El Maitén lies 35 km south of Ñorquincó, 55 km east of El Bolsón, and 70 km northwest of Cushamen, and 30 km northeast of Epuyén.

== Geography and climate ==
The town of El Maitén lies on the right bank of the Chubut River. The river's valley is of glacial origin, and in this region it runs in a north–south direction on the first highlands of the Andes to the west, and the ancient formations of Patagonia to the east. The topography is mountainous, but of lower elevation, always under 2000 m.
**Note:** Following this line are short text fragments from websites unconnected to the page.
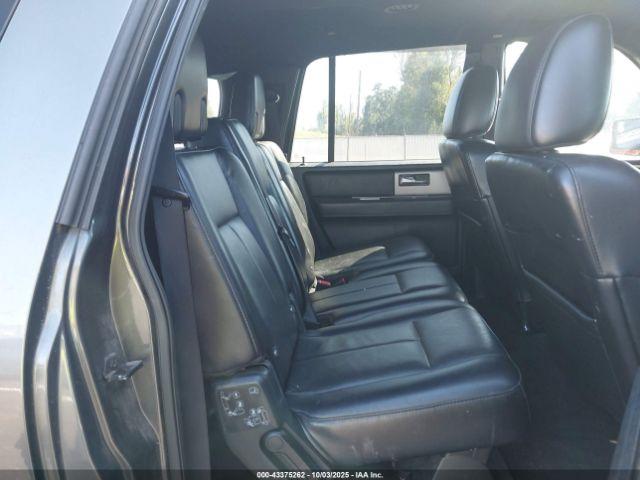 Ford Expedition Xlt Image 12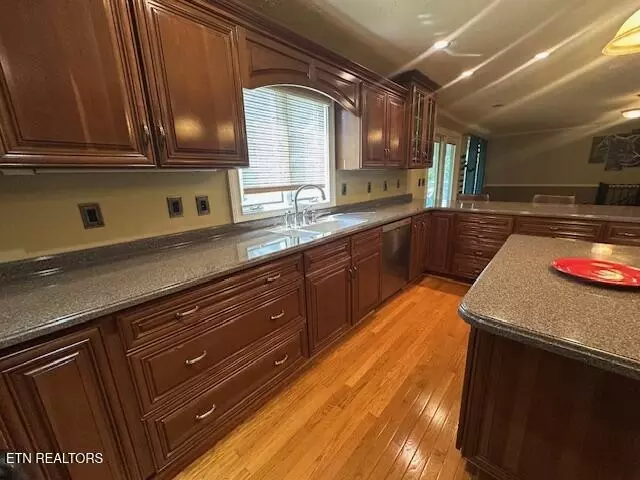 Kitchen - 135 NE Modoc Ave, Wise, VA 24293 photo 6 of 10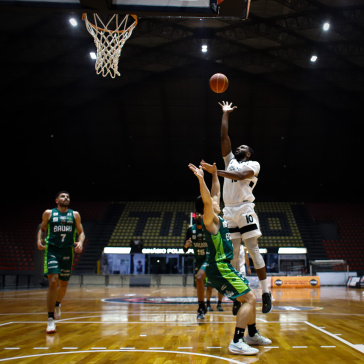Vict�o arremessando contra o Bauru pelo Paulista de Basquete
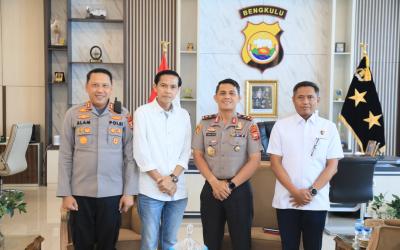 Bupati Kaur Gusril Pausi, S.Sos., M.AP melaksanakan kunjungan silaturahmi ke Markas Kepolisian Daerah (Polda) Bengkulu sebagai upaya mempererat sinergi dengan jajaran Polda Bengkulu, Rabu, 29 Juli 2026.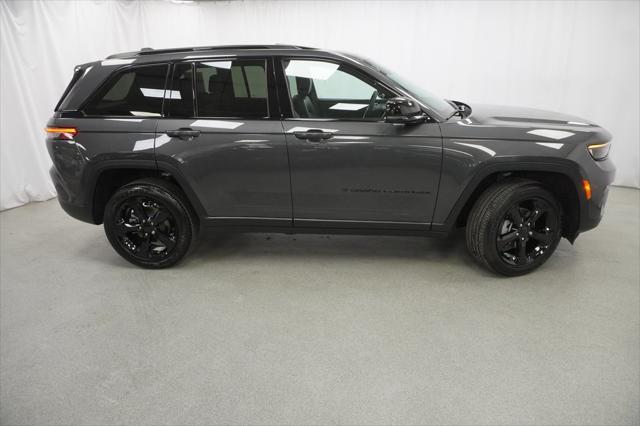 used 2024 Jeep Grand Cherokee car, priced at $39,994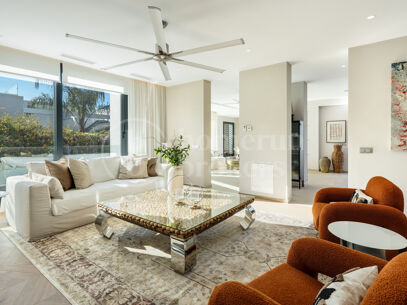 Villa Splash – Modern villa till salu i Parcelas del Golf, Nueva Andalucía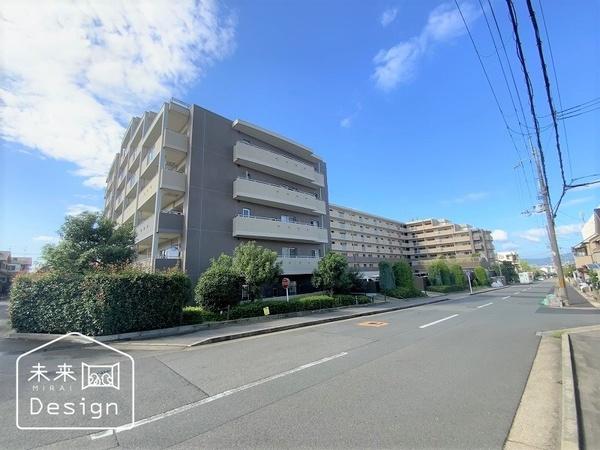 リーデンススクエア宇治伊勢田 外観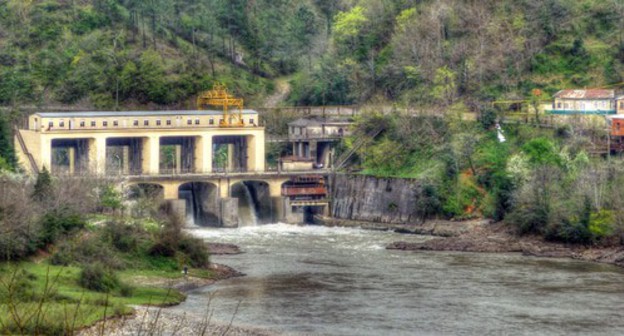 HPP on the Rioni River. Photo courtesy of  Roberto Strauss, https://commons.wikimedia.org/w/index.php?curid=34705045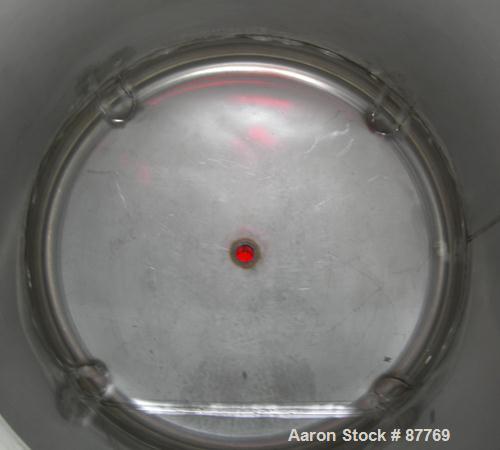 Unused-NEW: Mueller pressure tank, 470 gallon, 304/304L stainless steel, vertical. 48" diameter x 50" straight side. Dished top and bottom. Internal rated 15 psi at 200 deg F. Insulated with Foamglas...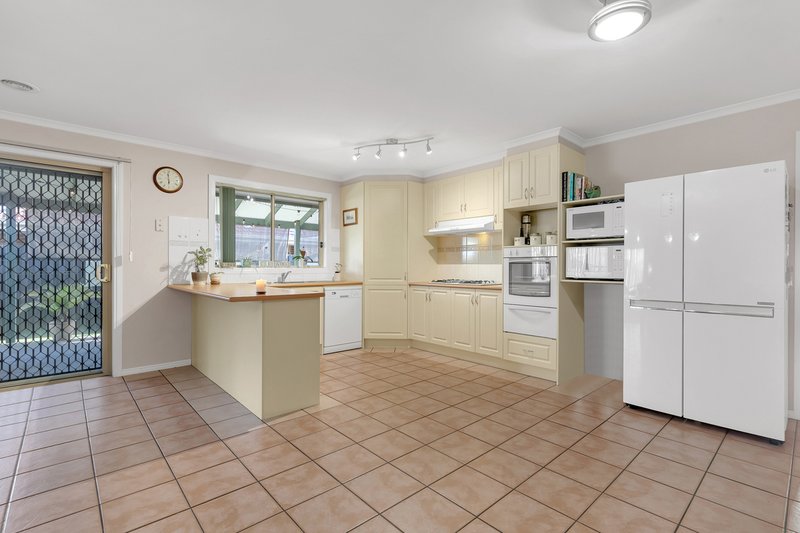 Photo - 32 Scenic Terrace, South Morang VIC 3752 - Image 4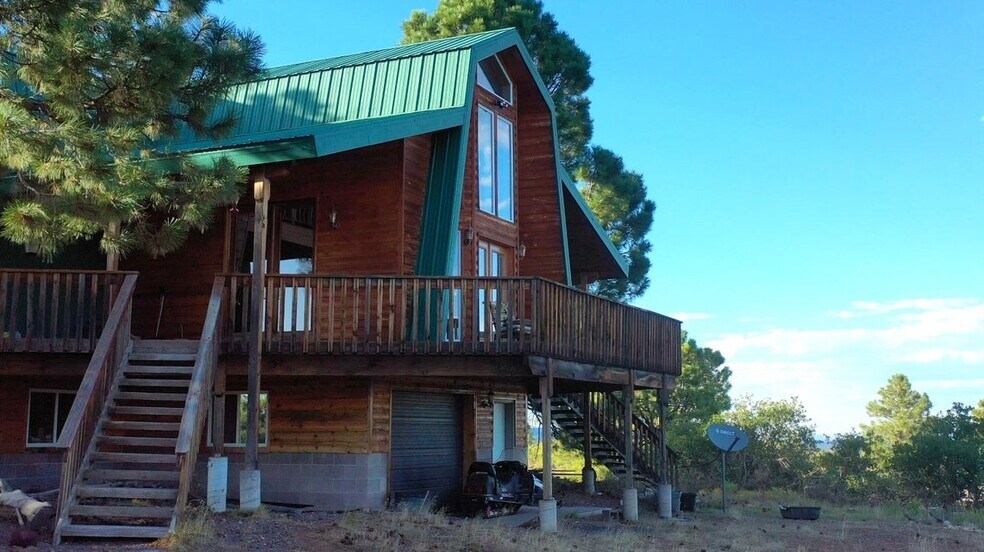 More Photos Of 2498 Silverado Ridge, Duck Creek Village Specialty For Sale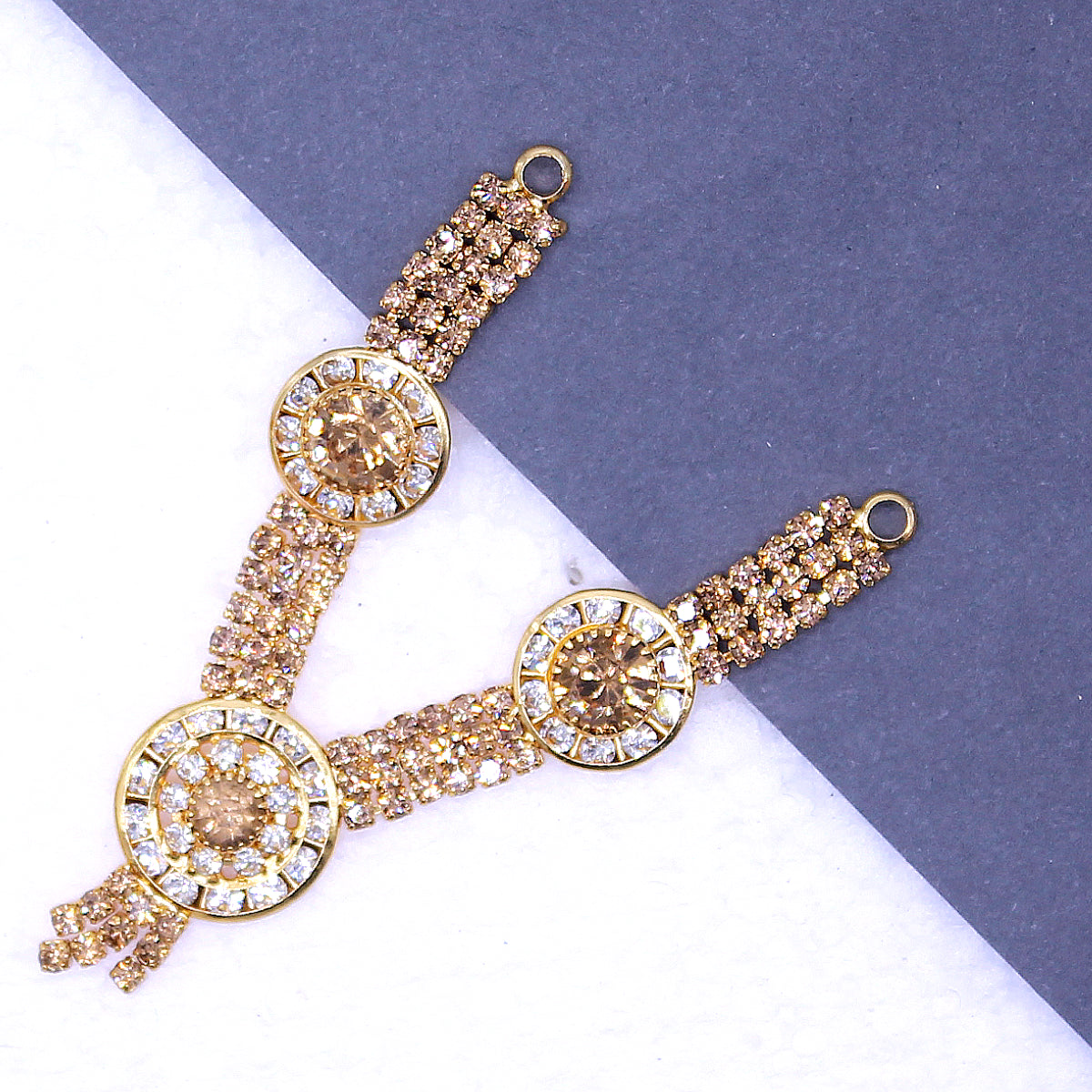 Golden Stone decorated heavy haar for Idols ( 2.5 Inches )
This geographic region is a clear example of the transition between the humid wooded Andes areas to the West, and the classic more arid steppes of central Patagonia. Typical native trees of the area are the Austrocedrus chilensis, Coihue (Nothofagus dombeyi), Ñire (Nothofagus antarctica), and over 2,000 meters AMSL the Lenga (Nothofagus pumilio).
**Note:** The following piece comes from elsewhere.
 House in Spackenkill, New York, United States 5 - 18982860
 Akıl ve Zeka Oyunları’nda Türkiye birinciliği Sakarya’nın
The climate is semi-steppe, with humid winters with occasional strong snows and an annual precipitation between, 300 and 500 mm.

Climate data for El Maitén
| Month | Jan | Feb | Mar | Apr | May | Jun | Jul | Aug | Sep | Oct | Nov | Dec | Year |
| Record high °C (°F) | 33.7 (92.7) | 34.4 (93.9) | 32.2 (90.0) | 26.1 (79.0) | 21.6 (70.9) | 17.7 (63.9) | 16.6 (61.9) | 19.7 (67.5) | 22.6 (72.7) | 26.8 (80.2) | 29.9 (85.8) | 33.6 (92.5) | 34.4 (93.9) |
| Mean daily maximum °C (°F) | 23.5 (74.3) | 22.9 (73.2) | 20.6 (69.1) | 15.9 (60.6) | 11.4 (52.5) | 8.6 (47.5) | 7.6 (45.7) | 9.0 (48.2) | 12.5 (54.5) | 15.2 (59.4) | 17.6 (63.7) | 20.5 (68.9) | 15.1 (59.2) |
| Daily mean °C (°F) | 16.2 (61.2) | 15.1 (59.2) | 12.8 (55.0) | 8.8 (47.8) | 5.7 (42.3) | 4.0 (39.2) | 3.0 (37.4) | 3.9 (39.0) | 6.2 (43.2) | 8.7 (47.7) | 11.2 (52.2) | 13.8 (56.8) | 8.9 (48.0) |
| Mean daily minimum °C (°F) | 7.3 (45.1) | 6.5 (43.7) | 4.4 (39.9) | 2.0 (35.6) | 0.6 (33.1) | −0.4 (31.3) | −1.3 (29.7) | −0.7 (30.7) | 0.2 (32.4) | 1.6 (34.9) | 3.9 (39.0) | 5.9 (42.6) | 2.3 (36.1) |
| Record low °C (°F) | −1.6 (29.1) | −1.8 (28.8) | −5.0 (23.0) | −8.1 (17.4) | −12.4 (9.7) | −12.7 (9.1) | −19.9 (−3.8) | −12.0 (10.4) | −8.6 (16.5) | −7.6 (18.3) | −5.2 (22.6) | −5.0 (23.0) | −19.9 (−3.8) |
| Average rainfall mm (inches) | 17.9 (0.70) | 18.1 (0.71) | 20.5 (0.81) | 47.7 (1.88) | 86.6 (3.41) | 99.4 (3.91) | 109.6 (4.31) | 106.2 (4.18) | 38.8 (1.53) | 29.4 (1.16) | 28.7 (1.13) | 40.9 (1.61) | 606.0 (23.86) |
| Average relative humidity (%) | 47.3 | 50.3 | 54.5 | 63.5 | 68.7 | 70.6 | 71.5 | 67.8 | 60.5 | 53.6 | 50.8 | 49.9 | 59.4 |
Source: Instituto Nacional de Tecnología Agropecuaria

== History and economy ==
What started as a rural community was influenced greatly by the arrival of the General Roca railroad to the area in 1939, on a branch that continued to Esquel. This branch was completed and opened in 1945, and El Maitén was selected as the site of its maintenance sheds and locomotive warehouse. This changed the town towards a railroad-based economy until the 1970s, when the Argentine railroad industry started a steady decline.

Even though most of the railroad system on which El Maitén was a waystop closed in 1993, a train still operates out of El Maitén, running a loop from El Maitén to the train station Bruno J. Thomae then back to El Maitén.